» Goal of the exercise
Give the number of lines below that contain the word "Cream", and nothing else.

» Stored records
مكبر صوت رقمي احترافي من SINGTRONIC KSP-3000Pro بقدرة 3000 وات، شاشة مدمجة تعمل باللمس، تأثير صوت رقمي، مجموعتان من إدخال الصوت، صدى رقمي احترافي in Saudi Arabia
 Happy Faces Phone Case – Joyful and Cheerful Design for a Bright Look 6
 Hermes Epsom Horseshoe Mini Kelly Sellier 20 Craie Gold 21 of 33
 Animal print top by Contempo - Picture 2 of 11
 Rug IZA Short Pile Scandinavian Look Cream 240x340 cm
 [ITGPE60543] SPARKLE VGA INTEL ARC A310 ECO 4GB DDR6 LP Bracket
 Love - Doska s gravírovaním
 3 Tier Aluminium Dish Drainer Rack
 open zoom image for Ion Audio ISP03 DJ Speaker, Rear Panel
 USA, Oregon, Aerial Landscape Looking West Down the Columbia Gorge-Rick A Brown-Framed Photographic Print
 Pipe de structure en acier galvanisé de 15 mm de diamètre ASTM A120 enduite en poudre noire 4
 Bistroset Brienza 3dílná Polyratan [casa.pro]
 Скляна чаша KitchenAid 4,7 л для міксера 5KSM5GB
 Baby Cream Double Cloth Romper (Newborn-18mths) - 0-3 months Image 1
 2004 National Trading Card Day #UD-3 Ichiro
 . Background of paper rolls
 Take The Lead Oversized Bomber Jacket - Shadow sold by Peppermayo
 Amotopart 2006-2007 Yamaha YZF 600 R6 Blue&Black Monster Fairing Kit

» Response area
2